A trove of documents released by the Washington Post reveal that senior commanders had little idea who they were fighting, money was misspent, and intelligence was spun to present a flattering picture of what was happening.
A huge release of documents by the Washington Post appears to shed light on US alleged misinformation surrounding the war in Afghanistan.
US officials are revealed to have misled the public on the effectiveness of their military operation in the country and are alleged to have spun unflattering information to make it seem as though they were making progress.
Throughout the 18-year-long campaign, US officials demonstrated a lack of understanding about Afghanistan and even the forces they were fighting.
The information was compiled using interviews of senior military officials and diplomats working on the area.
“We were devoid of a fundamental understanding of Afghanistan — we didn’t know what we were doing,” said officials Douglas Lute, a three-star Army general who served under former presidents George W Bush and Barack Obama.

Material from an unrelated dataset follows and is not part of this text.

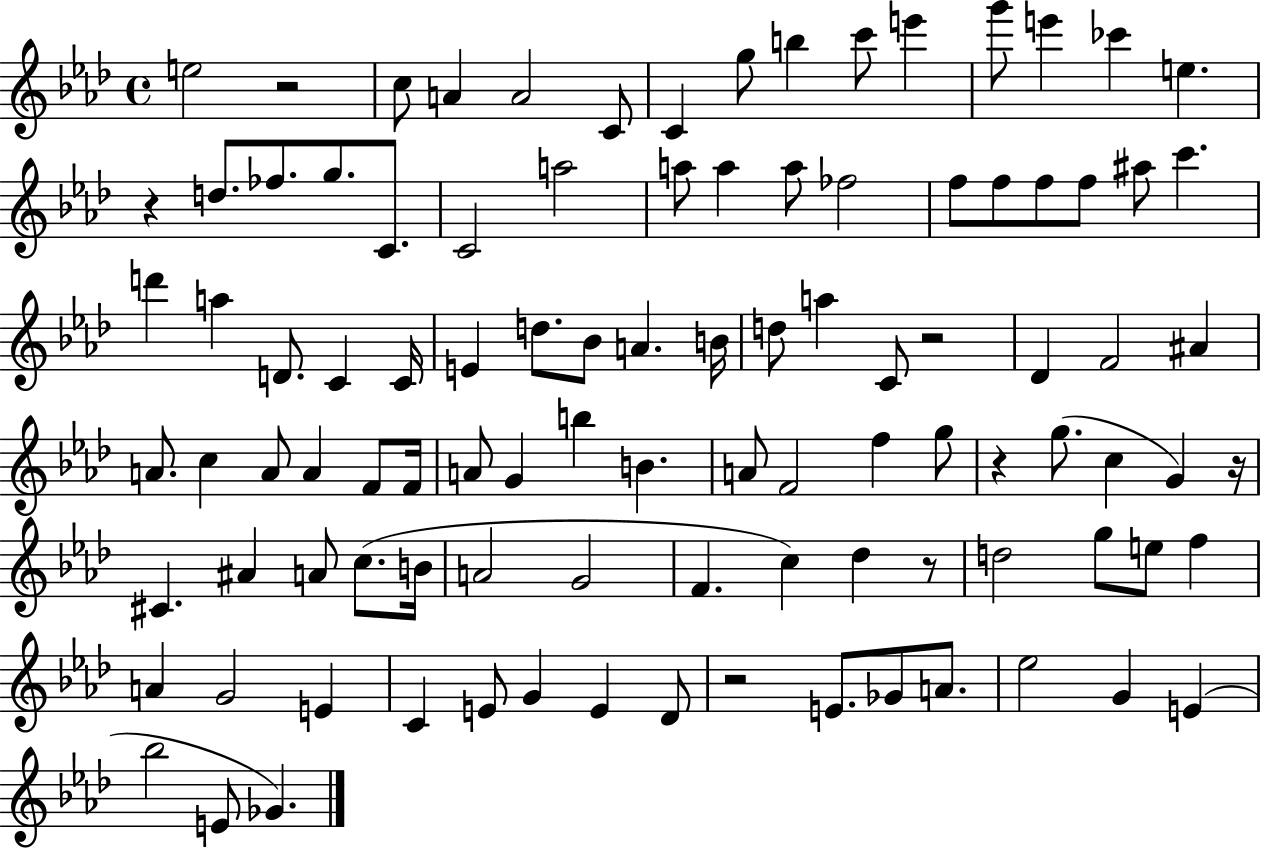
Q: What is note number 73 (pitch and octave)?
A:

“If the American people knew the magnitude of this dysfunction . . . 2,400 lives lost,” Lute added in comments reported by the Washington Post.
The war in Afghanistan has also killed tens of thousands of Afghans, many of them civilians, in air strikes and drone attacks by US forces and in terror attacks by Taliban fighters and Daesh terrorists.
The UN says that in the first nine months of 2019 alone, around 8,200 civilians were killed in the war.
Revelations in the documents include the fact that US military commanders had little idea who they were fighting, with one describing human intelligence during the conflict as “woeful”.
Other sources of criticism included the sheer number spent on trying to defeat the Afghan insurgency under the Taliban and prop up the Afghan government. Officials put that number at a trillion dollars.
The US and its allies invaded Afghanistan in 2001 after Al Qaeda terrorists carried out the September 11th attacks. Since then more than 775,000 American soldiers have been deployed to Afghanistan with 2,300 being killed there and more than 20,000 wounded.
According to Brown University, 147,000 people have died as a result of the conflict and of those 38,000 were civilians.
After 18 years of war, Afghanistan still suffers from crippling poverty and lack of infrastructure development.
The US has conducted on-again, off-again, talks with the Taliban in order to reach a solution, but the government, it helped install, has not been party to some of the most important discussions.